2008 (September Term)
United States v. Ashby, 68 M.J. 108 (RCM 306(b) provides that allegations of offenses should be disposed of at the lowest appropriate level of disposition; however, under RCM 306 and RCM 407, a convening authority exercising general court-martial jurisdiction has wide discretion to choose among a variety of options in disposing of a charge, including referring a charge to a general court-martial).
(convening authority’s decision to refer obstruction of justice charges to a general court-martial, rather than a lesser forum, after appellant was acquitted of the original charges, was not an abuse of his discretion, where the obstruction charges were initially referred before appellant was acquitted on the original charges, appellant was a commissioned officer, and the charges involved obstruction of justice relating to an exhaustive investigation into the deaths of 20 people and extensive damage to military property).

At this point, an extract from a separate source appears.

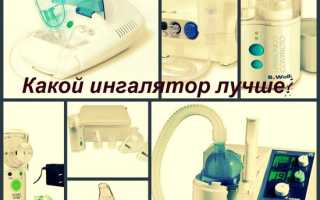 Какой ингалятор лучше купить для дома – компрессорный или ультразвуковой? Отзывы о популярных моделях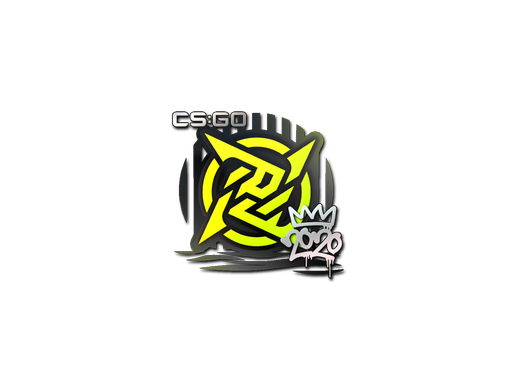 Sticker | Ninjas in Pyjamas | 2020 RMR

United States v. Underwood, 50 MJ 271 (withdrawal of charges, de facto dismissal, preferral anew, a new Article 32 investigation, and referral to another court-martial did not clearly thwart military judge’s ruling denying government motion for a continuance where: (1) new trial date was four months after that requested in government’s motion for continuance; (2) reinvestigation and re-referral were not matters addressed by the military judge’s ruling denying the continuance; and (3) military judge stated that his ruling did not preclude the new preferral and burdensome procedural course of action selected by the convening authority to bring the charges to trial again).
(withdrawal of charges, de facto dismissal, preferral anew, a new Article 32 investigation, and referral to another court-martial after military judge’s ruling denying government motion for a continuance did not constitute illegal interference with the exercise of the judicial function because the convening authority’s actions did not violate any procedural rules of the Manual for Courts-Martial and thus did not constitute “illegal” interference with the judicial function).
(withdrawal and re-referral of charges was proper under RCM 604(b) when done to further the legitimate command objective of accommodating a victim’s schedule and avoid the issuance of a subpoena).
(appellant was not substantially prejudiced by withdrawal and re-referral of charges where: (1) re-referral was to the same level of court-martial; (2) trial was before the same military judge as first trial; (3) appellant lost no benefits from a favorable trial ruling as denial of a continuance created no legally cognizable right to a trial without a prosecution witness; (4) appellant was not in pretrial confinement; and (5) appellant made no pretrial motion at second court-martial alleging prejudicial trial delay).
United States v. Haagenson, 52 MJ 34 (convening authority or superior competent authority may withdraw charges from a court-martial at any time before findings are announced, and such charges may be re-referred to another court-martial unless the withdrawal was for in improper reason; RCM 604(a), (b), and Discussion thereto).